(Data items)
============

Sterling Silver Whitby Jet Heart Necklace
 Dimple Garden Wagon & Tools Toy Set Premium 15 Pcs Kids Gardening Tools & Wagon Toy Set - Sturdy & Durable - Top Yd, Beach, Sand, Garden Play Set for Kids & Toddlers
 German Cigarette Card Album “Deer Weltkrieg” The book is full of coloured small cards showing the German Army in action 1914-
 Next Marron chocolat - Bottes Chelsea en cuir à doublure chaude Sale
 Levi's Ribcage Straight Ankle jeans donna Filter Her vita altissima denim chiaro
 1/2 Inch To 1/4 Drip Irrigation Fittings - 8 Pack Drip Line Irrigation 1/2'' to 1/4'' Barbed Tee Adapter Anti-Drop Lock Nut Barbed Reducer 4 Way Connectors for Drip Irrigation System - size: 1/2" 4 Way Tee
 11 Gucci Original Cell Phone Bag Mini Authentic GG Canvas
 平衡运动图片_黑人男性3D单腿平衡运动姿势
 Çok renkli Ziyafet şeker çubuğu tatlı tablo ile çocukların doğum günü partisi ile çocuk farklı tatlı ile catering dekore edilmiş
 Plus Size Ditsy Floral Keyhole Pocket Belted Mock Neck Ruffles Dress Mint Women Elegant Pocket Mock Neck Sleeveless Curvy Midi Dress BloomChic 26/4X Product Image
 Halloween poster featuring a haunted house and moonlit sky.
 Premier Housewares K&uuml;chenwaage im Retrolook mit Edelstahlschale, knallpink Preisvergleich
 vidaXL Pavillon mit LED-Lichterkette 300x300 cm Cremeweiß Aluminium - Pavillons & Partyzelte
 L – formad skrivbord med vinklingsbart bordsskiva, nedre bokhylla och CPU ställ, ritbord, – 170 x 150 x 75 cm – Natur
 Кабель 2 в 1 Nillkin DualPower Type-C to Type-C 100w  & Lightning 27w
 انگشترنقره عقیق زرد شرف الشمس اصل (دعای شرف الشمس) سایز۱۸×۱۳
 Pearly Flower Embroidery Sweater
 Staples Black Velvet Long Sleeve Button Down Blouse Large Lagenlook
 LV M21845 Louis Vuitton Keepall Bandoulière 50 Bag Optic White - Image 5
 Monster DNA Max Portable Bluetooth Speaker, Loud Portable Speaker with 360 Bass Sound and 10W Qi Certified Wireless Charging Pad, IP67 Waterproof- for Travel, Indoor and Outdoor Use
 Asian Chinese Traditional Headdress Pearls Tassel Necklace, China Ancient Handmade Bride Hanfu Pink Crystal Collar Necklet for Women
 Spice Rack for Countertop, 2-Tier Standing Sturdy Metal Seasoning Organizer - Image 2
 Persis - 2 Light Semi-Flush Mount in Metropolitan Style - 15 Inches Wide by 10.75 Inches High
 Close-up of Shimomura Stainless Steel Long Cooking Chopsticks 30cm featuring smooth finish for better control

============

Give back the records above exactly, limited to the lines between the one holding "Staples Black Velvet" and the one holding "Monster DNA Max", inclusive.

 Staples Black Velvet Long Sleeve Button Down Blouse Large Lagenlook
 LV M21845 Louis Vuitton Keepall Bandoulière 50 Bag Optic White - Image 5
 Monster DNA Max Portable Bluetooth Speaker, Loud Portable Speaker with 360 Bass Sound and 10W Qi Certified Wireless Charging Pad, IP67 Waterproof- for Travel, Indoor and Outdoor Use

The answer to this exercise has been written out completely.